Really, it was the solar thing that did it for me, since I don't have power where I need them to be, and it's sunny here something like 340 days of the year. I'm going to start slowly, again, with a single cactus and give it a week before I add. I'm down probably 10-12 plants at this point with nothing else working. I've also heard good things about various urine, just worry that after a heavy rain I'd need to be there to replenish it all the time, and that's not something I want to commit to. Also not something I particularly want to store in my garage. I am also getting more and more convinced that it's a chipmunk problem as much as rabbit, since the holes they're apparently getting through are small; probably too small for most rabbits.


----------



## stells (Aug 19, 2010)

A fox....


----------



## TylerStewart (Sep 4, 2010)

*Standoff*

I'm giving this solar powered motion detector every opportunity to succeed. It claims a 30' viewing range. I set it at about 8', and it's pointed straight at the plant. For some reason, I still feel like this cactus is going to be gone in 3 days 

I got 3 of these things... If it works, I'll throw in more cactus and more motion detectors.


----------



## Yvonne G (Sep 4, 2010)

I had to laugh out loud when I saw your picture...and I hope you don't mind that I go OT just a bit.

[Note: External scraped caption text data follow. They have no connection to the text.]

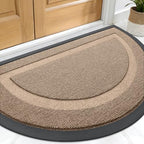 OLANLY Half Circle Front Door Mat Outside 29.5x17 All-Season Rubber Doormat by OLANLY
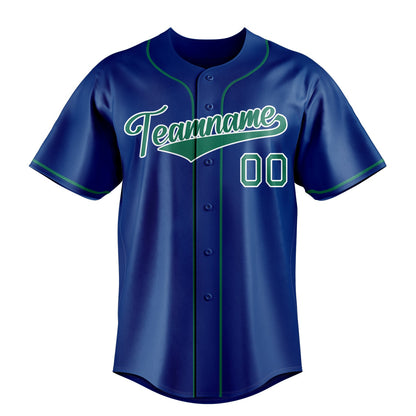 Royal & Kelly-Green Baseline Baseball Jersey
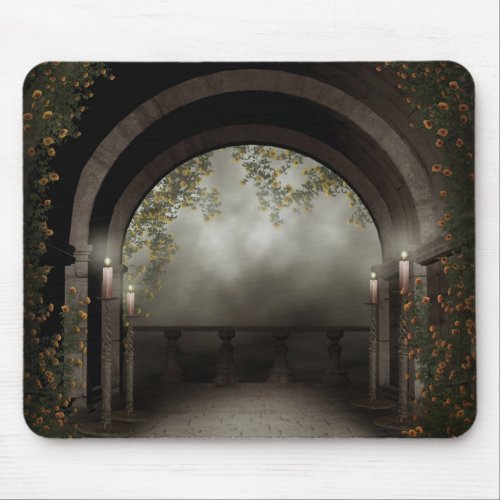 Gothic Arch Balcony Mouse Pad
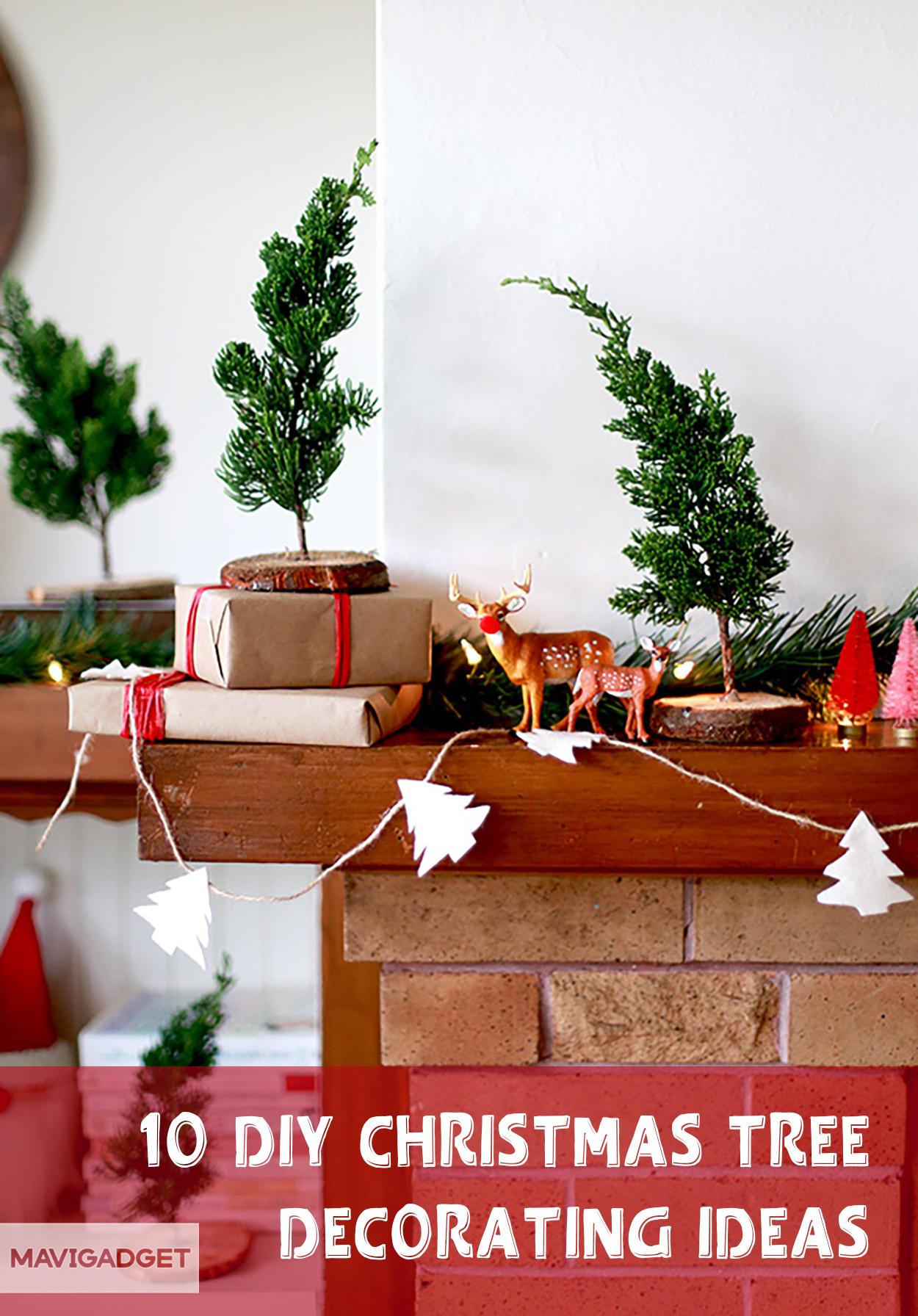 10 DIY Christmas Tree Decorating Ideas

One of the things I tell new sulcata keepers to do is to get on their hands and knees and go around the tortoise pen and pick up anything that a sulcata can fit into his mouth...pebbles, debris, paper, etc.

I saw your picture and had this really funny picture pop into my mind of you on your hands and knees and a really exasperated look on your face!


----------



## TylerStewart (Sep 5, 2010)

Fortunately, this isn't an enclosure, and is just a corner of raw land. It was cleaned off a few years ago before I bought it, so most of the major creosote bushes are gone, but it does have a pretty rocky surface. Personally, I don't think it's a very big deal to scrape an enclosure clean as long as they're eating off of a tray or a concrete slab, etc. Eventually (likely this winter) when I get my enclosures going out there, I will be bringing in lots and lots of soils for them. Being in the commercial concrete industry, I can get sands and soils very cheap (sand around $3 per ton). I also can get concrete very cheap also and do the work myself, so it'll be relatively easy to clean it up in no time. Now if I could just keep the rabbits out....


----------



## TylerStewart (Sep 20, 2010)

Confirmed, these products do not work at all. The cactus is completely eaten. My dogs walk right past it like it's no deterrent at all. Do not buy from AnimalOff.com, what a waste of money and cactus.


----------



## Tom (Sep 20, 2010)

I would have been pleasantly surprised, if you had said otherwise.


----------



## TylerStewart (Sep 20, 2010)

Secretly, me too.... If I had much faith in them from the get-go, I would have planted more than 1 cactus. I'll just keep potting them. Maybe once they're 4' tall, the base will be tough enough to withstand rodents.


----------



## dmmj (Sep 20, 2010)

I was waiting to hear if this worked, I also did not have high hopes, I wonder how they can get away with selling products that do not work? So no on sonar bug and animal repellents. Any chance of a refund?


----------



## TylerStewart (Sep 20, 2010)

I could probably try for a refund. I haven't even opened 2 of the 3 boxes. They kinda tricked me into buying 3 when I meant to buy two (confusing checkout process)... I wouldn't expect a return process to be easy. It'd probably be more satisfying to ship them a dead rabbit that got shot because their product didn't work.


----------



## Tom (Sep 20, 2010)

Have you tried a ring of chicken wire around them? My cottontails leave them alone if I do this. I only go about 2' high with it and stake it into the ground so the wind doesn't blow it around.


----------